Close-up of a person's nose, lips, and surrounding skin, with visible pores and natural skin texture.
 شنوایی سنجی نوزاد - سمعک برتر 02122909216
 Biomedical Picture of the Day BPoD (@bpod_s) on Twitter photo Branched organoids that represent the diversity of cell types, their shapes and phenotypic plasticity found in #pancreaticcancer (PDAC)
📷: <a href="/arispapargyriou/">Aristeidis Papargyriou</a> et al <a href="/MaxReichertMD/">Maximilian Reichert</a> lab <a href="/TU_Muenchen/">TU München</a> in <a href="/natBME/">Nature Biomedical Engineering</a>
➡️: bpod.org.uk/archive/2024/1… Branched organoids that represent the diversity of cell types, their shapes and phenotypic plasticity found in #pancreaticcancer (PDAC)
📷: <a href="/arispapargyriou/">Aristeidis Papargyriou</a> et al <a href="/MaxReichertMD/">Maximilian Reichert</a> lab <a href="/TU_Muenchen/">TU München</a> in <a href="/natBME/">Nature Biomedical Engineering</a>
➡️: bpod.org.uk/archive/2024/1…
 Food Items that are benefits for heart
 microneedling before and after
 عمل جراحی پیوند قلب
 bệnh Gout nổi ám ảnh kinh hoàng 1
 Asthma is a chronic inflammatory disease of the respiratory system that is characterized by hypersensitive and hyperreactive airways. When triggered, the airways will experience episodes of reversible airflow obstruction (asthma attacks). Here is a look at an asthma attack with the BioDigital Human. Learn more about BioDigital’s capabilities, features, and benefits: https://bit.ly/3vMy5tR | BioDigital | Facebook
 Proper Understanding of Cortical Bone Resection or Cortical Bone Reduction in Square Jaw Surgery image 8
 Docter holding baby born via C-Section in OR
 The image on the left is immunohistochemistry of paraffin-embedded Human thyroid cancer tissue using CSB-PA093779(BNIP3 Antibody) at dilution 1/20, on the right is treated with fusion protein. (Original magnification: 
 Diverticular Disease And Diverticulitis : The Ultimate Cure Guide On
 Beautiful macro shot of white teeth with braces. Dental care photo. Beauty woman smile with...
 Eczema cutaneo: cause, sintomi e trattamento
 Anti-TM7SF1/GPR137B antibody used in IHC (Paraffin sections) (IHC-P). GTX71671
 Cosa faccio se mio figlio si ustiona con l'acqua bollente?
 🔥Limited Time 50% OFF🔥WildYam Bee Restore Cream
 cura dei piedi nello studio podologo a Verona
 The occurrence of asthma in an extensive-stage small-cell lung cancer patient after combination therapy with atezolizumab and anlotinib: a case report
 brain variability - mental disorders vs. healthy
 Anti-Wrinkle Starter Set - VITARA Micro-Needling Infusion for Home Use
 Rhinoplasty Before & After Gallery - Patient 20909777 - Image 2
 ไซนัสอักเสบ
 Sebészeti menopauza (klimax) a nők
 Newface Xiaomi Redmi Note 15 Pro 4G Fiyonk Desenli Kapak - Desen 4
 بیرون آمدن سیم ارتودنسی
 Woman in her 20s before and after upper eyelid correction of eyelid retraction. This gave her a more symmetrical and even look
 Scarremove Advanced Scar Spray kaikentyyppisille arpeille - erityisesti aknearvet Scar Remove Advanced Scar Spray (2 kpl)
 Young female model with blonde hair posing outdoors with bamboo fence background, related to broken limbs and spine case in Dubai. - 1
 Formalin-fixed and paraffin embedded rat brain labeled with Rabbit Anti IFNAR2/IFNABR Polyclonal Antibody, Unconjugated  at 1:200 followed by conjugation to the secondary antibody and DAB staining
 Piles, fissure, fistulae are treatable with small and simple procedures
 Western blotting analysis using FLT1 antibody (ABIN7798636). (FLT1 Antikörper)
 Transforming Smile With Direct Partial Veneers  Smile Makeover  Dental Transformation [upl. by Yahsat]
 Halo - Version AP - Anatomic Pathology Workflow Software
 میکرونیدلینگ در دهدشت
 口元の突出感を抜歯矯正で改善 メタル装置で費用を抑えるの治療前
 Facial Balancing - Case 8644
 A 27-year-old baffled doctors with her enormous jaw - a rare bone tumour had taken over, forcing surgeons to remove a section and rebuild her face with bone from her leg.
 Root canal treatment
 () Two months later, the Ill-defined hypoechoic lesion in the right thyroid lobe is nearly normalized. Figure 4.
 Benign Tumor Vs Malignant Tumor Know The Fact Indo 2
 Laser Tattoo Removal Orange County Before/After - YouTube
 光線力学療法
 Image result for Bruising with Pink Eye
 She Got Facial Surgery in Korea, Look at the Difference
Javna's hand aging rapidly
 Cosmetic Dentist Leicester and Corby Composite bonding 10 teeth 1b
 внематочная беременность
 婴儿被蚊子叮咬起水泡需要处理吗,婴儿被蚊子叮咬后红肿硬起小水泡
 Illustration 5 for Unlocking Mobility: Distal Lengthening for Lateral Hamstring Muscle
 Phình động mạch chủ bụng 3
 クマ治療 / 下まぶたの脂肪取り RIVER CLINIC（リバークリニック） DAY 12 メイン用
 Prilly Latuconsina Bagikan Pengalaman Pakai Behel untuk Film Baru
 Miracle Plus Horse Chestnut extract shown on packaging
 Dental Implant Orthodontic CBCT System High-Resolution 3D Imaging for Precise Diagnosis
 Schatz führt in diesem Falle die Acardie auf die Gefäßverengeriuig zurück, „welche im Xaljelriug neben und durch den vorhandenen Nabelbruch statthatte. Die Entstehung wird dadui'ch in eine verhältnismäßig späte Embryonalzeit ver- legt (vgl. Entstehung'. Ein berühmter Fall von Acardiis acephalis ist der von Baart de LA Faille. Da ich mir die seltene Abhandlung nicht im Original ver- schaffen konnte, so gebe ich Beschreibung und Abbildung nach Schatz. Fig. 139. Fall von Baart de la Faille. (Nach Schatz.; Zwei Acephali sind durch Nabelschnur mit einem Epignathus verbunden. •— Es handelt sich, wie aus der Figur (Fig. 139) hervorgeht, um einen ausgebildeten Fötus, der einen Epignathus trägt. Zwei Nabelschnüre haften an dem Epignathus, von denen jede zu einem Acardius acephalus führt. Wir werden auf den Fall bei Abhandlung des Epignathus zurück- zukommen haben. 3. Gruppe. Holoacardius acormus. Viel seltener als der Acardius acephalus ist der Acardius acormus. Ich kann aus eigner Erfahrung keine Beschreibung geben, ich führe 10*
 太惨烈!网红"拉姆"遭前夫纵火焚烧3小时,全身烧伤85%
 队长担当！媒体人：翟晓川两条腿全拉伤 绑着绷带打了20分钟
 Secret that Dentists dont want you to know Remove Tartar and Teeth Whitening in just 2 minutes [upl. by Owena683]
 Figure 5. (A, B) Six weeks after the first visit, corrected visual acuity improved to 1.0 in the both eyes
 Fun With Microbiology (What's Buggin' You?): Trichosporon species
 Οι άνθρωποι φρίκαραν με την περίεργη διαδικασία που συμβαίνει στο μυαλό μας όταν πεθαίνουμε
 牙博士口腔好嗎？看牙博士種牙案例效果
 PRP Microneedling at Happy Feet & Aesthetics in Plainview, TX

*-*-*

# WHAT IS BEING ASKED:
For this task, copy every line of the material in which "brain" appears.

# ANSWER BOX:
 brain variability - mental disorders vs. healthy
 Formalin-fixed and paraffin embedded rat brain labeled with Rabbit Anti IFNAR2/IFNABR Polyclonal Antibody, Unconjugated  at 1:200 followed by conjugation to the secondary antibody and DAB staining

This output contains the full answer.